This is a project related to the paper "Determining Research Priorities Using Machine Learning" (Thomas etal. (2024), DOI:TBD)
You will need to create the virtual environment for running the software. Once this is installed you can use the provided utility or download the data manually from Zenodo.
Requirements
- Python 3.10
Build the conda virtual environment and activate it:
> conda env create -f env-strat-paper.yml
> conda activate strat-paper
Alternatively there is a requirements.txt file which may be used to build the virtual environment.
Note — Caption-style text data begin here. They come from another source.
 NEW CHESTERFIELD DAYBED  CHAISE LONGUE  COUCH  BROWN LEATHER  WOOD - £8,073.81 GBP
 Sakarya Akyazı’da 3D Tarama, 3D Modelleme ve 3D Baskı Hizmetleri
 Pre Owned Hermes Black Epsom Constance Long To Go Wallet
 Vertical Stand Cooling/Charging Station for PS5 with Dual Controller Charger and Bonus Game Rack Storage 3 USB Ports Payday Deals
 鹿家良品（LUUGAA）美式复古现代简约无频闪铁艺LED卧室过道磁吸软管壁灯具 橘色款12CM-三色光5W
Data were produced using the topic emergence package and are available from Zenodo at the following URL: https://zenodo.org/records/13621625. Download and unpack all of the data into the data subdirectory.
Each of the notebooks illustrates part of the work from processing the outputs from the LDA modeling (data obtained above) to analysis and plotting of the results.
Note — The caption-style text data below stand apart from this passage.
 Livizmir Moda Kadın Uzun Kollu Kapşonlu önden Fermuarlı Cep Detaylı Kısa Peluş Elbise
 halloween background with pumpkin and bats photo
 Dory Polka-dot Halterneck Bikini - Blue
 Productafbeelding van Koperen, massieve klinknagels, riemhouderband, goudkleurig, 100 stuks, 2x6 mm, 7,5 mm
Descriptions of notebooks:
Name | Description |
---|---|
Process_Data | Do (most of) the basic processing of LDA model output data into form used by other notebooks. Some light analysis of processing is also included. Run this notebook first to generate the files needed by other notebooks. There are various switches within the notebook to test various data generation/filtering choices. |
Bootstrap_Estimation_1998-2010_RI | Estimate errors using bootstrap for Research Interest (RI) metric. |
Bootstrap_Estimation_1998-2010_TCS | Estimate errors using bootstrap for Topic Contribution Score (TCS) metric. |
Bootstrap_Estimation_1998-2010_TCS_CAGR | Estimate errors using bootstrap for TCS Compount Annual Growth Rate (TCS_CAGR) metric. |
Bootstrap_Estimation_DS2010_TCS | Estimate errors using bootstrap for the Decadal Survey 2010 (DS2010) corpus TCS (TCS_{DS2010}) metric. |
Bootstrap_Estimation_Decadal2010-Whitepapers_TCS | Estimate errors using bootstrap for the Decadal Survey 2010 submitted whitepapers TCS (TCS_{whitepaper}) metric. |
Explore_Topics | Examine topic keywords for selected topics in selected runs. |
Journal_Citation_Modeling | Modeling of citation rates for astronomy literature (1998 - 2019) with various functions. |
MLCR_Analysis | Analysis of TCS-based metrics compared to the Mean Lifetime Citation Rate (MLCR). |
Paper_plots | Generate most of the plots for the paper. |
Sample timeseries Plots | Generate selected topic timeseries plots for investigation. |
Stable_Topics | Generate stable topic files from LDA model output data. You dont need to use this notebook unless you want to investigate other Lpt thresholds than the one used in the paper. |